私のカップも空だったので、無言でおかわりを淹れてくれた。
「お前がトゥフォン家から名実共に勘当されるのは、五月の誕生日まで猶予がある。成人したら親の保護責任は法で問われなくなるからな」
「逆に言えば、それ以降は貴族としての恩恵を受けられなくなります」
「独り立ちするには充分な資金が集まっている。新しく店を作るのも良し、暫くのんびり暮らすことも出来る」
「私としてはあまり目立ちたくないです」
トゥフォン家から勘当されるのは暫定だけど決定として、しかしあまり表立って活動するのは危ない気がする。

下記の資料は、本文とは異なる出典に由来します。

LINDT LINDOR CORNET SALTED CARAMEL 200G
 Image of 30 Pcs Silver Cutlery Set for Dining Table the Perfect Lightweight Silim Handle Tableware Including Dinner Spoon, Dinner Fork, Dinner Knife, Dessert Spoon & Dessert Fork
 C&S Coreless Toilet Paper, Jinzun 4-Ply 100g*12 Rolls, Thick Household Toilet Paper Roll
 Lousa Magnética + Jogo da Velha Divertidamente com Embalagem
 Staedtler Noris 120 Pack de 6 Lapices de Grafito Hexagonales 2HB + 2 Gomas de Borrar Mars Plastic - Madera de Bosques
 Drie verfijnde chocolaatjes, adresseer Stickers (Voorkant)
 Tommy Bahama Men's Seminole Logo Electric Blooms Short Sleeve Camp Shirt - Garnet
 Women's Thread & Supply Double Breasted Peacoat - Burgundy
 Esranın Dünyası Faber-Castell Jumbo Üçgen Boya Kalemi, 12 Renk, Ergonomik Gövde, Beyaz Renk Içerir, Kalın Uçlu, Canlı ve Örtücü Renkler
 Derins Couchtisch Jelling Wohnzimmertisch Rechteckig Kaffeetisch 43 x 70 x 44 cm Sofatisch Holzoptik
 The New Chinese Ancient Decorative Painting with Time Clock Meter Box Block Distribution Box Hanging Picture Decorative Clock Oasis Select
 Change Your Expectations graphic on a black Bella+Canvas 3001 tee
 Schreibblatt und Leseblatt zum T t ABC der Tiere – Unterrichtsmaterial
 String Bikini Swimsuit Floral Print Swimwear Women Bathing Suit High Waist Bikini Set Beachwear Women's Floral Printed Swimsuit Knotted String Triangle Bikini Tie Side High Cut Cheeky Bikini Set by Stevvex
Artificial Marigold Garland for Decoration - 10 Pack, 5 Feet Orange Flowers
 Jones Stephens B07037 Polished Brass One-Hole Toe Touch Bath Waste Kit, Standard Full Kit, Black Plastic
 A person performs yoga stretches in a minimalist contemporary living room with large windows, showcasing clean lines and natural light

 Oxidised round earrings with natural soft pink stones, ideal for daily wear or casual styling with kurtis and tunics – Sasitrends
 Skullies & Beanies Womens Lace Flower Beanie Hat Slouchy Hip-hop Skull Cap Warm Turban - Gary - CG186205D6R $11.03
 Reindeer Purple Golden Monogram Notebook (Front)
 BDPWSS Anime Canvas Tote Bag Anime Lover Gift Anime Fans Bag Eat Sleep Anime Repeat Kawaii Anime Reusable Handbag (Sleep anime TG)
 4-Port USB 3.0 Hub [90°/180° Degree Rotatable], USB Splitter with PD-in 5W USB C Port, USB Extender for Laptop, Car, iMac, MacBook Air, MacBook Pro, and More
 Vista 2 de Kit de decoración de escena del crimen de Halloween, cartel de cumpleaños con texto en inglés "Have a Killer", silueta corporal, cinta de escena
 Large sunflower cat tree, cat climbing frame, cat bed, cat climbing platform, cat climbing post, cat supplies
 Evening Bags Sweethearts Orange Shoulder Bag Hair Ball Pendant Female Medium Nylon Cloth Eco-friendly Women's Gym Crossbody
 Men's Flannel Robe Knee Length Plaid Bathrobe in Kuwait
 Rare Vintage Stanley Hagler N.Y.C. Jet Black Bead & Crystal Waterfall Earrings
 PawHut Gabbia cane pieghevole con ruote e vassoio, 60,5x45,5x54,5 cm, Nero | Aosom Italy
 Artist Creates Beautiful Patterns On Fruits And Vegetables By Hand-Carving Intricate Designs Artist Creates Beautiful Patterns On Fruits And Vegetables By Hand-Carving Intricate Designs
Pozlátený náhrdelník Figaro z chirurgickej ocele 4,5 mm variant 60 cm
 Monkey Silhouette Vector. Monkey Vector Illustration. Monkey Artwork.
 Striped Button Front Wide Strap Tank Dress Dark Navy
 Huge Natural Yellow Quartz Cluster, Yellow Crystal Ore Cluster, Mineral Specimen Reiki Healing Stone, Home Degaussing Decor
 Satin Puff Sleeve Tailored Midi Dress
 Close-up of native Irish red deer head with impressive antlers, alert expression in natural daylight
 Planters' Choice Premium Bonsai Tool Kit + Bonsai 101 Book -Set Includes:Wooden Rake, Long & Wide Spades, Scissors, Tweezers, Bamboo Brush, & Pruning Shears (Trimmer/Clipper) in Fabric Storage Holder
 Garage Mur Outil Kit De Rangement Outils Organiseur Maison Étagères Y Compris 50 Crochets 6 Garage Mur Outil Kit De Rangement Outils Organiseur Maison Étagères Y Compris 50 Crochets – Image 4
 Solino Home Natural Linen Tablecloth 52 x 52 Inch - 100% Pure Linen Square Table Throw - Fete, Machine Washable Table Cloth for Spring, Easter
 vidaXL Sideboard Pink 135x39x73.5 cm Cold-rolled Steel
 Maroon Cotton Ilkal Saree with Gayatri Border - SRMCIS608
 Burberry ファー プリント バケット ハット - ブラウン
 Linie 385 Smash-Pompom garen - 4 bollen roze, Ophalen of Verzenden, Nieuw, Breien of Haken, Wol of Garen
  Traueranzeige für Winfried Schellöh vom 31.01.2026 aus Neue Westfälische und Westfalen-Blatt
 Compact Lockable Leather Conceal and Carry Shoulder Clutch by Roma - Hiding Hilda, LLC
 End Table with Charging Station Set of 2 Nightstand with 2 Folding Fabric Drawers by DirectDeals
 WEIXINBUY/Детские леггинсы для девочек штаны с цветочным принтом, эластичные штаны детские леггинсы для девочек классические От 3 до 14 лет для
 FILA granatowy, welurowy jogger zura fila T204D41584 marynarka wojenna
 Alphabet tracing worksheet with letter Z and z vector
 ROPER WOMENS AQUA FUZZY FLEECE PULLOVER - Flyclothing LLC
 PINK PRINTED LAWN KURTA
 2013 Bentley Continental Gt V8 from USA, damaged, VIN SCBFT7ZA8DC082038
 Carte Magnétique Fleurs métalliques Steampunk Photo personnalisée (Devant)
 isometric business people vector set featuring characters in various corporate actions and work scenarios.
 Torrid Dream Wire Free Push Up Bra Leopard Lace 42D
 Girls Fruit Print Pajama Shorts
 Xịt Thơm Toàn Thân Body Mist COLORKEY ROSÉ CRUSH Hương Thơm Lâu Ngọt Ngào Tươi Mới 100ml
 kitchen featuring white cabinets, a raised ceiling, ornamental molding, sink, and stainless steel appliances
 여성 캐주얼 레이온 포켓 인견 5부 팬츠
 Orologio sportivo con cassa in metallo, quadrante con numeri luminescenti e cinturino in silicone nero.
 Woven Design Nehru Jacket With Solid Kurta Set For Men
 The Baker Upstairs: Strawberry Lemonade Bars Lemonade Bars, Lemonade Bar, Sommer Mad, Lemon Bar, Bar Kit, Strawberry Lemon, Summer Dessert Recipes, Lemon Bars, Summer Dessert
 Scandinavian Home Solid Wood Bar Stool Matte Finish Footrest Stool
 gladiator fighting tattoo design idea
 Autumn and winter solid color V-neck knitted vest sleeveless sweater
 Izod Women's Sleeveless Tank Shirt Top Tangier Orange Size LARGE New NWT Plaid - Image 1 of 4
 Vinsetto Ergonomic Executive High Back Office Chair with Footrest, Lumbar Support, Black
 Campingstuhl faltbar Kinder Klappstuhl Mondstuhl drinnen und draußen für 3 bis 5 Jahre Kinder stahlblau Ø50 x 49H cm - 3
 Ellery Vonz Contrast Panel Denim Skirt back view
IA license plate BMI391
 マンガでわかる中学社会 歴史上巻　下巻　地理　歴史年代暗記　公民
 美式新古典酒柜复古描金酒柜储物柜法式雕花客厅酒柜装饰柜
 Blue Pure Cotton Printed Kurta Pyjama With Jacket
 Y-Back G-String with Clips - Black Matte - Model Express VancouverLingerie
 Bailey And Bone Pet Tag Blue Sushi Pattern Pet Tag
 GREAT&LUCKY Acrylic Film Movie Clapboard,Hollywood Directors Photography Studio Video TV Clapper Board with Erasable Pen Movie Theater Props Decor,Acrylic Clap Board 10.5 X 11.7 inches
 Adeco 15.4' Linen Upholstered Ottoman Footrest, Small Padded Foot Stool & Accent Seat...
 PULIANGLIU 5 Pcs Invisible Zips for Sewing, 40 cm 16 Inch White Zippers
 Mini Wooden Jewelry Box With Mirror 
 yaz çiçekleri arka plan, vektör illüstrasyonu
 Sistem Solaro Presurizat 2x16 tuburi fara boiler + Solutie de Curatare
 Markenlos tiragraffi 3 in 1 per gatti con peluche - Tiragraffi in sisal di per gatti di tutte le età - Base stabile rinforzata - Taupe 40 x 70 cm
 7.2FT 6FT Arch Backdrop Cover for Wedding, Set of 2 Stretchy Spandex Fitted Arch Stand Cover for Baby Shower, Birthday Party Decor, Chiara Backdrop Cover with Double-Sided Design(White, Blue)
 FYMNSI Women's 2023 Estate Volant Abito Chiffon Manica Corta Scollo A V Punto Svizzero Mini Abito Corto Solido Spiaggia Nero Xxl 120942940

義父様の怒りがもし収まっていなかったら、私を勘当して庶民にした後、何かしらの形で手を出してくる可能性は十分ある。
……それはもちろん、悪い意味で。
貴族に手を出すより、庶民の方がやりやすい。
この国の忌むべき慣習だが、貴族の権力は絶大だ。庶民は貴族の機嫌を損ねないように顔色を窺い、貴族はそれを当たり前と受け止める。
ただの庶民になった小娘一人、侯爵家が本気を出したらどうとでも出来る。
私が今一番危惧しているのが、それだった。
「……やはり、暫くは隠れて暮らすのが一番でしょう」
「そうだな、下手に刺激するのは避けた方がいい」
「王都からは離れた方が良いでしょうか……」
「恐らく、その方が安全だ。僕としては、このままシズン商会に残って欲しいんだがな。しかし、ここに残れないとなると……僕が出来ることは、王都から離れた場所の土地の紹介か」
……ヴェルドさんにこれ以上迷惑をかけるのは申し訳ない。
けれど、私に今一番必要なのは土地の紹介ではなく。
「ヴェルドさん、二つお願いがあります」
「ん? 何だ改めて」
「ナナリアの本家……アジュール・レトルドレ・ラル・ナナリア宰相を紹介してください」
私の言葉に、ヴェルドさんは虚を突かれた顔をする。
そして、アジュール宰相にそっくりの銀の瞳を、驚きに見開いた。